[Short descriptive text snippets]

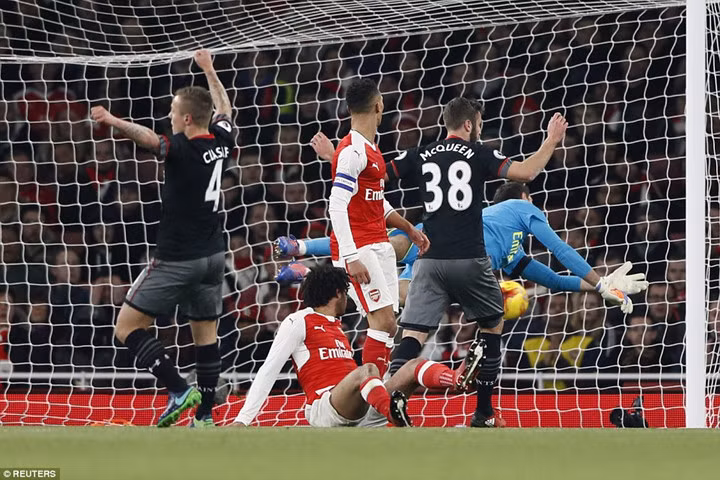 chum anh arsenal thua lam lung trang bung truoc southampton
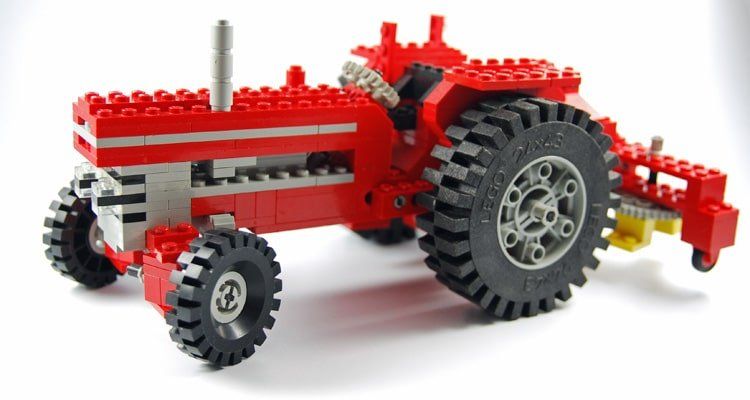 LEGO  Traktor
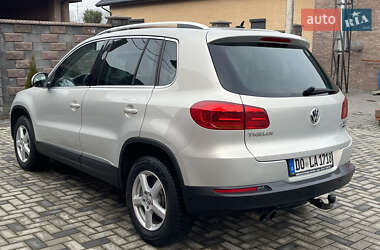 Позашляховик / Кросовер Volkswagen Tiguan 2011 в Рівному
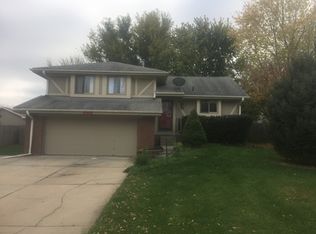 3311 Mirror Ln, Bellevue, NE 68123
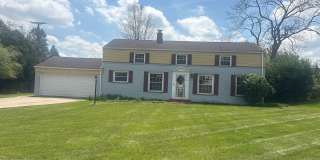 Renovated large home located in Beachwood Gallery 1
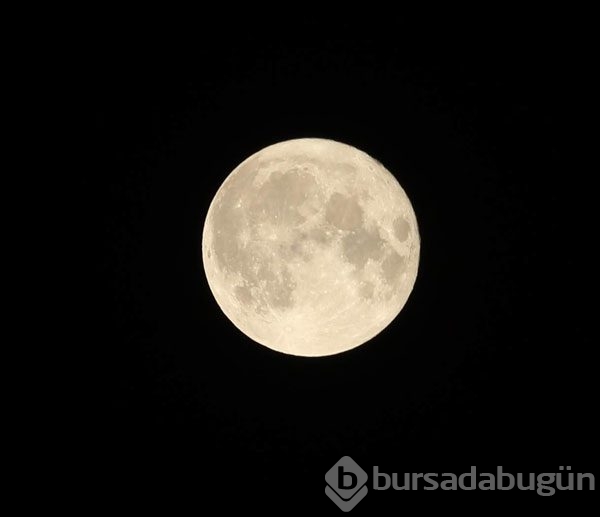 Süper Ay Türkiye'de dün gece böyle görüntülendi
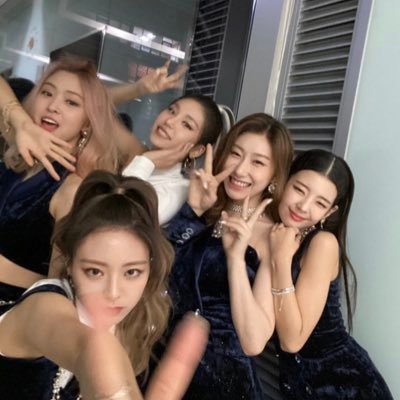 roseq__md5's profile picture. for #ITZY #있지 #예지 #리아 #류진 #채령 #유나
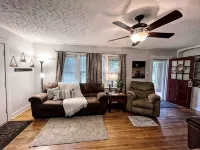 The Crescent House - Homestays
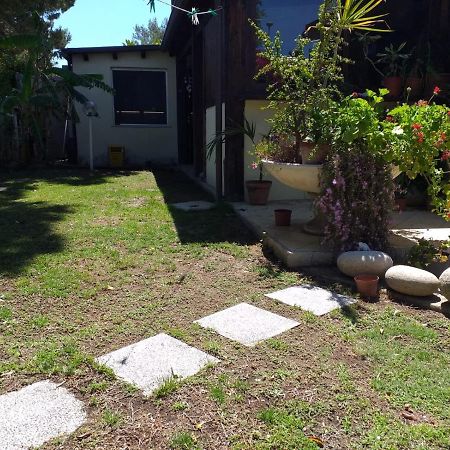 Brezza Di Mare Appartamento In Villa Con Giardino E Spiaggia ,Casa Vacanze Al Mare Quartu SantʼElena Kültér fotó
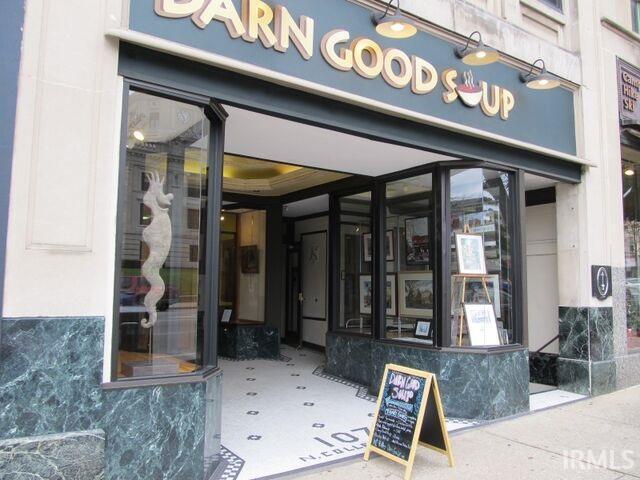 Building Photo - 107 N College Ave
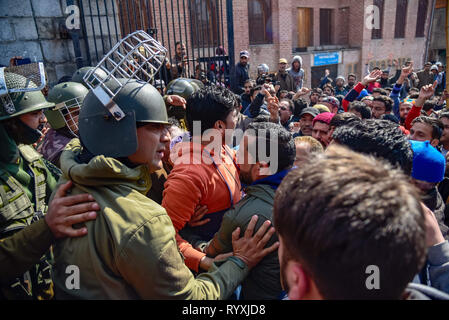 Srinagar, Kashmir. 15 Mär, 2019. Indische Polizisten gesehen stoppen Demonstranten riefen Parolen während der Demonstration. Hunderte von Anhängern der Hurriyat leader Umer Mirwaiz Farooq Teil in einem Protest in Srinagar, gegen die Nationale Investigation Agency (NIA), die für die Ausstellung der frischen Ladung zur hurriyat leader Umer Mirwaiz Farooq für die Befragung an der Sonde agentur Hauptsitz in Verbindung mit einer militanz Finanzierung Fall angezeigt werden, sagten Beamte. Kredit Idrees: Abbas/SOPA Images/ZUMA Draht/Alamy leben Nachrichten Stockfoto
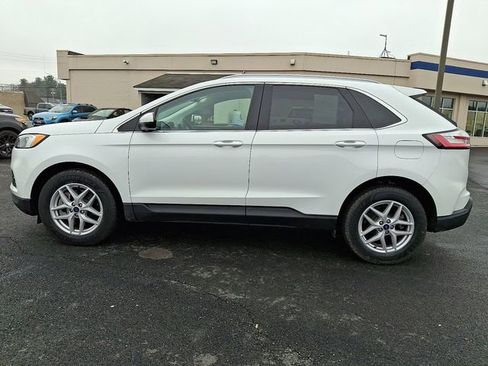 Used 2022 Ford Edge SEL w/ Convenience Package image 7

* **WORK TASK**:
Take the line with "The Crescent House - Homestays" and every line after it through the end of the data, and write only them out exactly, leaving out the pictures.

* **EXERCISE ANSWER**:
 The Crescent House - Homestays
 Brezza Di Mare Appartamento In Villa Con Giardino E Spiaggia ,Casa Vacanze Al Mare Quartu SantʼElena Kültér fotó
 Building Photo - 107 N College Ave
 Srinagar, Kashmir. 15 Mär, 2019. Indische Polizisten gesehen stoppen Demonstranten riefen Parolen während der Demonstration. Hunderte von Anhängern der Hurriyat leader Umer Mirwaiz Farooq Teil in einem Protest in Srinagar, gegen die Nationale Investigation Agency (NIA), die für die Ausstellung der frischen Ladung zur hurriyat leader Umer Mirwaiz Farooq für die Befragung an der Sonde agentur Hauptsitz in Verbindung mit einer militanz Finanzierung Fall angezeigt werden, sagten Beamte. Kredit Idrees: Abbas/SOPA Images/ZUMA Draht/Alamy leben Nachrichten Stockfoto
 Used 2022 Ford Edge SEL w/ Convenience Package image 7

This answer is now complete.